Un certain Micha, un russe assisté d'un traducteur francophone, va le recruter. Micha, de son vrai nom Mikhaïl Prudnikov fait partie de la toile d'araignée qu'Evguéni Prigojine, l'ex-patron de Wagner, s'est employé à tisser en Afrique. "Il me donne une thématique et moi, je suis censé rédiger cet article positivement, et je le fais placer dans les médias", explique Ephrem.
"Un seul article, ça peut valoir 10 000 ou 20 000 francs CFA, ça dépend de l'information."
Ephrem Yalike, journaliste centrafricainà franceinfo
Ces 10 000 ou 20 000 francs CFA représentent entre 15 et 30 euros, soit le quart du salaire mensuel d'Ephrem. Il les reçoit à chaque publication d'un article en faveur de l'armée centrafricaine et de ses partenaires russes. Mais ce n'est pas tout. "Il me demande aussi de contacter certains leaders qui sont favorables aux actions des Russes en Centrafrique et de leur demander s'ils ont la capacité de mobiliser 500 personnes pour une manifestation devant le siège de la Minusca [Mission multidimensionnelle intégrée des Nations unies pour la stabilisation en Centrafrique]. La Minusca, c'est-à-dire l'ONU en République centrafricaine, est dans le pays pour neutraliser les groupes armés. Du coup, les Russes veulent se faire passer aux yeux du peuple centrafricain comme les meilleurs sur le terrain. Et pour cela, il faut qu'ils puissent discréditer les actions menées par la Minusca."

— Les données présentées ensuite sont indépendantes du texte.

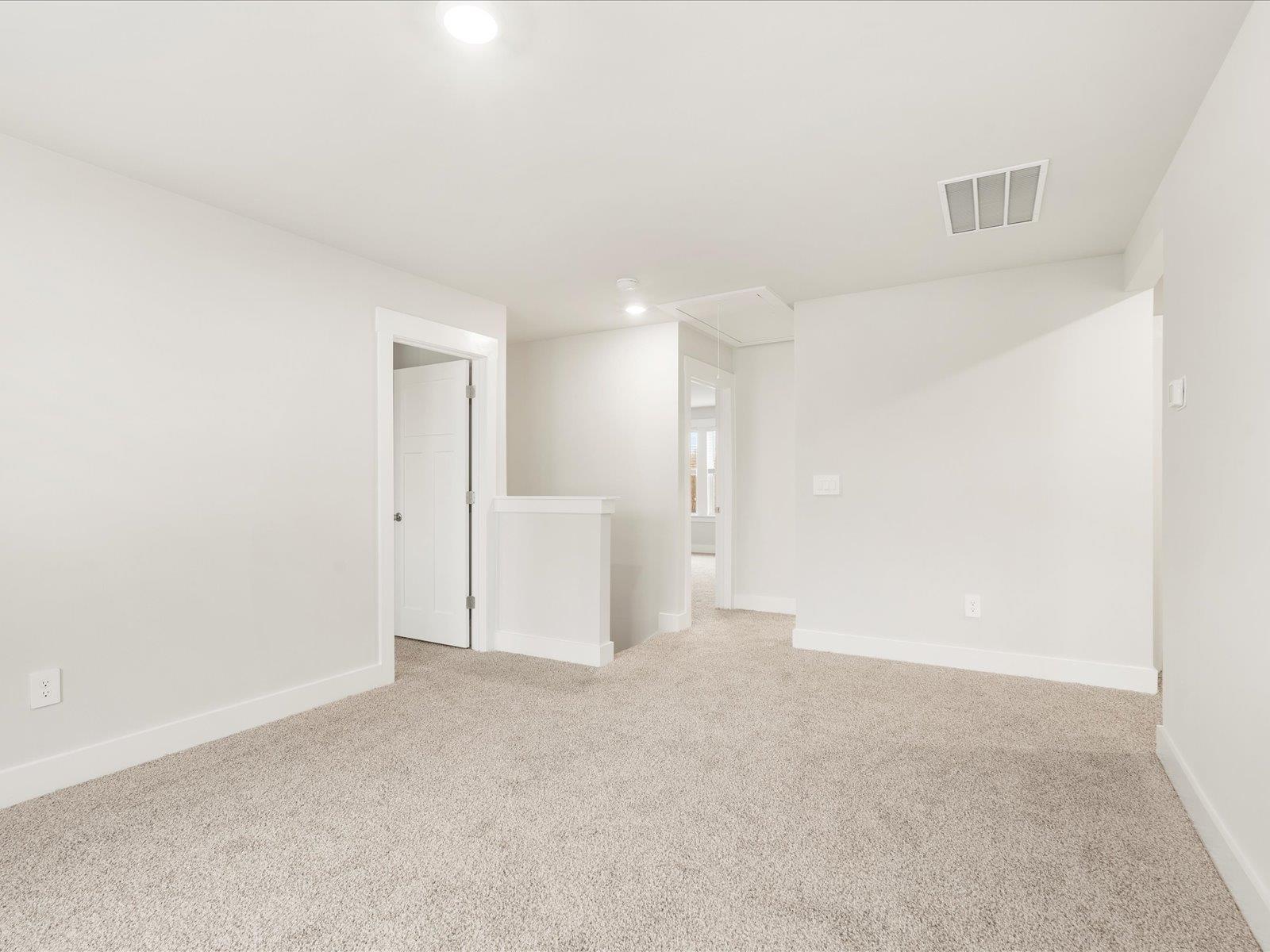4309 Texoma Drive Pflugerville TX 78660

"Une présence pour des intérêts personnels"
L'autre tâche qui incombe à Ephrem est de trouver des personnalités pour venir parler en bien des mesures prises par les autorités centrafricaines, comme ce décret qui a permis au président Faustin-Archange Touadéra d'installer un comité chargé de rédiger une nouvelle Constitution l'autorisant à briguer un troisième mandat. Dans une conversation qu'il a enregistrée, un homme lui demande : "Nous attendons de ta part, cette petite liste de cinq personnes avec les noms, prénoms, et leur poste, qui pourraient exprimer leur opinion positive au sujet des deux décrets d'avant-hier."
"Le contrat tacite qui est passé entre les autorités russes et le président Touadéra : 'C'est nous vous envoyons des soldats pour protéger votre pouvoir des groupes rebelles. En contrepartie, nous, nous voulons avoir l'accès à vos ressources, à vos mines de diamants, à vos mines d'or.'", explique Colin Gérard, docteur en géopolitique. Il a étudié les liens entre Wagner et la Centrafrique dans le cadre d'une thèse sur la stratégie d'influence informationnelle de la Russie.
"Il y a une stratégie, une logique de prédation. Aujourd'hui, le groupe Wagner et les Russes se sont emparés du pouvoir en Centrafrique."
Colin Gérard, docteur en géopolitiqueà franceinfo
"Si aujourd'hui j'ai décidé de dénoncer, il en va de ma dignité", souligne Ephrem Yalike. "La présence russe en Centrafrique n'est pas une présence pour aider. C'est une présence d'intérêts personnels de Wagner, des intérêts des Russes", ajoute-t-il.